What the hell is MEV ?
When a user broadcasts an Ethereum transaction, it doesn’t become part of the blockchain until a miner puts it in a block. This process takes some time. Note that, DeFi has to supply some incentives for all partners. Mining grants and transaction fees allow miners to earn rewards for the work completed. They randomly pick transactions from mempool to be held in the block, and those with a higher fee probably have more potential to be selected shortly. However, they can reorder, exclude, or censor transactions within specific blocks to boost their revenue. The value extracted in this way is called Maximal Extractable Value (MEV), and malicious participants can also profit from their knowledge of the future inclusion of the transaction at the user’s expense. This is called front-running.

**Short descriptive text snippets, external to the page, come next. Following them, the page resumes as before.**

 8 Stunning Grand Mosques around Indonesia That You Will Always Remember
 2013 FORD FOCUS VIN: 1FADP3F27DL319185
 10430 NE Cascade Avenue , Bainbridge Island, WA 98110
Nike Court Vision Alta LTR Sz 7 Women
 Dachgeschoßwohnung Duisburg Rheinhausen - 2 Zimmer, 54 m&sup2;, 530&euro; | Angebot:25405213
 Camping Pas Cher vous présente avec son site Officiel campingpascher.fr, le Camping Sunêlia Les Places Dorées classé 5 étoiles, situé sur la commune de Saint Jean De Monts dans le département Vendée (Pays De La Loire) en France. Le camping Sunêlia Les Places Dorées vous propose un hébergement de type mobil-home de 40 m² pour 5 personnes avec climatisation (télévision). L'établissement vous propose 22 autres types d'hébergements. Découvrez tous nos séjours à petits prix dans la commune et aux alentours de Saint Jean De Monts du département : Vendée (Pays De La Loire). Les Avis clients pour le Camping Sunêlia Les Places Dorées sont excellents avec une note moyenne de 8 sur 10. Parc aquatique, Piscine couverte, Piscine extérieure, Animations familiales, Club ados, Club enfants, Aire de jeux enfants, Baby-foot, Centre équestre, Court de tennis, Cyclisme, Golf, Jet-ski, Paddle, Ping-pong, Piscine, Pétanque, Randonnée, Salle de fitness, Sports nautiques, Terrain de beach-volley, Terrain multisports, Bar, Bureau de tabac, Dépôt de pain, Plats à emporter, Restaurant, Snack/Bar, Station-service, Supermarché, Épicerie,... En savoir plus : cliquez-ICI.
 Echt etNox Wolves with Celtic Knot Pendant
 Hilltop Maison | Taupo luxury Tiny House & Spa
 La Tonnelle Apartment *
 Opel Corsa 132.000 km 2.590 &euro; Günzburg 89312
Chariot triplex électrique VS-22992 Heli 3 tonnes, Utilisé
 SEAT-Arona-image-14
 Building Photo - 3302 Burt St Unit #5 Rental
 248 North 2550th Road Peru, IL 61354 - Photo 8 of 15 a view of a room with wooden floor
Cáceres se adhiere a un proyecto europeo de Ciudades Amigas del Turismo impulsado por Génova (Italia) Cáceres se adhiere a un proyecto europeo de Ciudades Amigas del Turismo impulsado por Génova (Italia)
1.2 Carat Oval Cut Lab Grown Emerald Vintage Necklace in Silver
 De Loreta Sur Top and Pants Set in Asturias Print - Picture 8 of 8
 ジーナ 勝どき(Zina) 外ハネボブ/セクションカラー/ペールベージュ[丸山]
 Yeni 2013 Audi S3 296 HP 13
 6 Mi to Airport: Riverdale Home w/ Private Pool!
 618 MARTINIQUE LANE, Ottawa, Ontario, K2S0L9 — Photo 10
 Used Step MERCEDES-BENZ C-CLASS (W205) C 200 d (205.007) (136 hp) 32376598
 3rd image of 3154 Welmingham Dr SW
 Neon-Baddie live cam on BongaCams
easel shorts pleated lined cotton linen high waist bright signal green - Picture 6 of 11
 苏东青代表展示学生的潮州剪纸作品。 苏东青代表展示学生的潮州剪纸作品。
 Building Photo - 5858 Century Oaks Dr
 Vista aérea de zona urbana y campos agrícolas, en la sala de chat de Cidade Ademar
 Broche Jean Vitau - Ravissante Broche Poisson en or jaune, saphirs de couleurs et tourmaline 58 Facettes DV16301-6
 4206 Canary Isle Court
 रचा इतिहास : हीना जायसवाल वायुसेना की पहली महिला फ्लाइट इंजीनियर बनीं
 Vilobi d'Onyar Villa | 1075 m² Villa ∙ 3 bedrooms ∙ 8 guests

Note that DeFi projects such as Bancor (a reputable DEX) were vulnerable to front-running.
An Attack Scenario
Let’s suppose that Alice will swap TokenX for TokenY from a liquidity pool. Meanwhile, Bob is scanning mempool, finds the transaction, and places two other ones:
- TX2 transaction — the same TokenX for TokenY swap, with fewer assets (to evade causing a significant price slippage) and with little more gas fee,
- TX3 transaction — TokenY for TokenX swap, with a slightly lower gas fee.
The first malicious transaction TX2 will be validated and executed before Alice’s TX1 transaction. To the best of Bob’s knowledge, Alice’s transaction raises the price of TokenY. Therefore, the TX3 transaction will become profitable for Bob.
This class of front-running is called ‘sandwiching’, and is an example of how someone can exploit MEV.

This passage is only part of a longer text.